N° RG 24/00702 - N° Portalis DBZS-W-B7I-YGWJ

DEMANDERESSE :

S.A.S. [5] [Adresse 1] [Localité 3] représentée par Me Julien TSOUDEROS, avocat au barreau de PARIS

DEFENDERESSE :

[11] [Adresse 2] [Adresse 6] [Localité 4] Dispensée de comparaître

COMPOSITION DU TRIBUNAL

Président : Benjamin PIERRE, Vice-Président Assesseur : Jean-Louis AITZEGAGH, Assesseur Pôle social collège employeur Assesseur : Sandrine BROUCKE, Assesseur pôle social collège salarié

Greffier

Christian TUY,

DÉBATS :

A l’audience publique du 04 novembre 2024, date à laquelle l’affaire a été mise en délibéré, les parties ont été avisées que le jugement serait rendu le 06 Janvier 2025.

EXPOSÉ DU LITIGE

M. [F] [D], né le 4 février 1970, a été embauché par la SAS [5] en qualité d'employé à compter du 17 juin 2019.

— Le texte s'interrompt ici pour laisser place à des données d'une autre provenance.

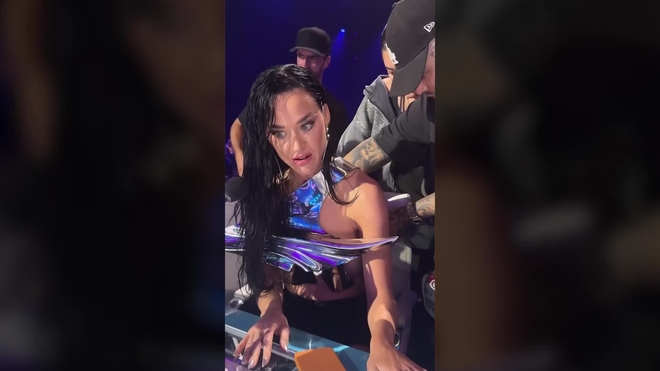 Katy Perry suffers a major problem with her flashy dress live on air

Le 5 juillet 2023, la SAS [5] a déclaré à la [8] un accident du travail survenu sur le lieu habituel de travail de l'assuré le 30 juin 2023 à 16 heures dans les circonstances suivantes : " le salarié préparait le pain dans l'atelier boulangerie ; le salarié déclare qu'il se serait senti mal ".

Le certificat médical initial établi le 7 juillet 2023 par le docteur [X] mentionne : " hémorragie sous arachnoïdienne ".

Par courrier joint à la déclaration d'accident du travail, l'employeur a émis des réserves.

Compte tenu de l'existence de réserves, la [8] a diligenté une enquête administrative.

Par décision du 4 octobre 2023, la [9] a pris en charge l'accident du 30 juin 2023 de M. [F] [D] au titre de la législation professionnelle.

Par courrier du 30 novembre 2023, la SAS [5] a saisi la commission de recours amiable d'une contestation portant notamment sur la matérialité de l'accident du travail de M. [F] [D].

Par lettre recommandée avec accusé réception expédiée le 29 mars 2024, la SAS [5] a saisi la juridiction d'une contestation de la décision de rejet implicite de la commission de recours amiable.

Les parties ont échangé leurs écritures dans le cadre de la mise en état du dossier.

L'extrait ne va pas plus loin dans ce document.